• [TASK OBJECTIVE]
Look through the listing below and report the lines that have the word "Toyota" in them.

• [INFORMATION]
-- -- --
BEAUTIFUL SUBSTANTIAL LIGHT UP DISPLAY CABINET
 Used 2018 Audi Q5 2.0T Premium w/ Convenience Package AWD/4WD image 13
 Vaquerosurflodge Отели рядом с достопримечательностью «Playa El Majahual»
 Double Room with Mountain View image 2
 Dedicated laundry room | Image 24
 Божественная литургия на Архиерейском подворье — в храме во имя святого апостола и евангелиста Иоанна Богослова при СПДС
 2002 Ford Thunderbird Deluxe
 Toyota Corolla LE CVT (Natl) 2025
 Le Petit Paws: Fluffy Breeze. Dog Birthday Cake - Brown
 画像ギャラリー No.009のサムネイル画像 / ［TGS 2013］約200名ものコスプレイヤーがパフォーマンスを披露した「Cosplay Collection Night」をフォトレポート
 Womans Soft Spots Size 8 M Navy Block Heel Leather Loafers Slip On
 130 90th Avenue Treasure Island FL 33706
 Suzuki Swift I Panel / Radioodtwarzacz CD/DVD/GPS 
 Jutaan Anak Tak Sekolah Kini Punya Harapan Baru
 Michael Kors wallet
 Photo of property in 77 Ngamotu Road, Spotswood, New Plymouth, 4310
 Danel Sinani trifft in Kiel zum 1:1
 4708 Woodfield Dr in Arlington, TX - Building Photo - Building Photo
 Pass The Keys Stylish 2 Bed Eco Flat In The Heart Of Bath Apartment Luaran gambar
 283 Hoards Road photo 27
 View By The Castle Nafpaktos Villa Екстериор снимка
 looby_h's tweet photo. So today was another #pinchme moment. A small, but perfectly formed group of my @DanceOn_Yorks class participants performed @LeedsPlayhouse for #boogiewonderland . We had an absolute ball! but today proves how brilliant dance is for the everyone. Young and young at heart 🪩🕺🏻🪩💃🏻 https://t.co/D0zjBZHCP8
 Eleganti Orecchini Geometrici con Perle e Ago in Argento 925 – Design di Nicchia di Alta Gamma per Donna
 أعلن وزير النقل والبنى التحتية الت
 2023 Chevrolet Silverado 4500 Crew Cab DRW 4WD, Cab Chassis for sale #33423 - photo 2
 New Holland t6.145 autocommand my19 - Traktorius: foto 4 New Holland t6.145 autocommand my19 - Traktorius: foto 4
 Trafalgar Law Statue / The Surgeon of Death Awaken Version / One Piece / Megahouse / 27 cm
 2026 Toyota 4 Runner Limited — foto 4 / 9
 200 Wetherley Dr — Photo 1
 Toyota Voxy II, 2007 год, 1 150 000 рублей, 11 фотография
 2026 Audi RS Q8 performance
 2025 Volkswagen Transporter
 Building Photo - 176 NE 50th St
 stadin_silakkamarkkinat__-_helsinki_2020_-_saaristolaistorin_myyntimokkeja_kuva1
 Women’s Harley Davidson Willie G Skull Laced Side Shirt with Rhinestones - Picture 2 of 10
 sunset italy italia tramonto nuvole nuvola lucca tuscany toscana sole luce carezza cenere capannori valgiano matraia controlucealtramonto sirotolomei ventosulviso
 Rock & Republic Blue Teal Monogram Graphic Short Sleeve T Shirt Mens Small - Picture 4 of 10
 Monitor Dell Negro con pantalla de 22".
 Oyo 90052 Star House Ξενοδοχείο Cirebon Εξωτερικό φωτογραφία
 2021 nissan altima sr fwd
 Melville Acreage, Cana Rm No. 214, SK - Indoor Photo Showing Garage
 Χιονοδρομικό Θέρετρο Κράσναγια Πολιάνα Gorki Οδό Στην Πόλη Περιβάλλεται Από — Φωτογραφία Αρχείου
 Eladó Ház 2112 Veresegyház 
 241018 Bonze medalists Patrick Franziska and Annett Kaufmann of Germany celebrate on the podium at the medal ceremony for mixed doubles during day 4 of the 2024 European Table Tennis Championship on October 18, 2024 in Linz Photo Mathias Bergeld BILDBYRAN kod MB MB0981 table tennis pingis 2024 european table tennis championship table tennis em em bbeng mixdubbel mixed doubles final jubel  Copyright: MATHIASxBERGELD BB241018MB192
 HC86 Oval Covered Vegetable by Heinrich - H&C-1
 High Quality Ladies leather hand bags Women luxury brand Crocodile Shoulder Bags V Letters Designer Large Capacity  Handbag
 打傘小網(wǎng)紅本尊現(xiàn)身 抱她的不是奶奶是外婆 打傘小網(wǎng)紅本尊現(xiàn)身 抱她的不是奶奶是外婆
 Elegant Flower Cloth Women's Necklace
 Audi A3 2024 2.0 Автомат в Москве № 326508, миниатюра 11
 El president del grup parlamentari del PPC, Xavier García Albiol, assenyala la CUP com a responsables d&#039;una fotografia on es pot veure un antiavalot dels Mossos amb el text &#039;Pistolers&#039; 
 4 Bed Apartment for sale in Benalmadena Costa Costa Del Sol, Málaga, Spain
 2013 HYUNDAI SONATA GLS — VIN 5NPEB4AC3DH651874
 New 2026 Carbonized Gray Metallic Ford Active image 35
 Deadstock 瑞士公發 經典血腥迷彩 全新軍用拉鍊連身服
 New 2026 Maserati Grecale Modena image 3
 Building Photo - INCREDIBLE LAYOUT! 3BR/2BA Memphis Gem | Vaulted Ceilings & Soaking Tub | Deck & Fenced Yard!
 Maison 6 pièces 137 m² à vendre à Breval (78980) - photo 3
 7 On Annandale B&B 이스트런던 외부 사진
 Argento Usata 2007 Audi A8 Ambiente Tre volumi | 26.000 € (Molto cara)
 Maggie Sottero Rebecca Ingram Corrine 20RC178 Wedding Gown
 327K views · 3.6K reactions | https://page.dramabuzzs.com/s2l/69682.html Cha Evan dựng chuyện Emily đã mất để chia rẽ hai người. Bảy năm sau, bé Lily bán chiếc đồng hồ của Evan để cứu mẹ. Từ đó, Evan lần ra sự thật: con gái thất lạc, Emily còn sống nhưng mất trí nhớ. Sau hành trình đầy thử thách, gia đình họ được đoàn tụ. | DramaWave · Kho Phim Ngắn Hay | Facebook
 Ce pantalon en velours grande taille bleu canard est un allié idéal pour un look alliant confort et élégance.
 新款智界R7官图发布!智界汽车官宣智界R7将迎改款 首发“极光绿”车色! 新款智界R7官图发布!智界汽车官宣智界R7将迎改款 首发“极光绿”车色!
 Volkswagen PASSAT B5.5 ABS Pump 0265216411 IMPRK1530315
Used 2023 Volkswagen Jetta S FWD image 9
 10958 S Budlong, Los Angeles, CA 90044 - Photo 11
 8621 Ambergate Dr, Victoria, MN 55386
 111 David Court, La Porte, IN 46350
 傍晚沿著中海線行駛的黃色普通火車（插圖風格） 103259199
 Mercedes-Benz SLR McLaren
-- -- --
• [RESULT]
 Toyota Corolla LE CVT (Natl) 2025
 2026 Toyota 4 Runner Limited — foto 4 / 9
 Toyota Voxy II, 2007 год, 1 150 000 рублей, 11 фотография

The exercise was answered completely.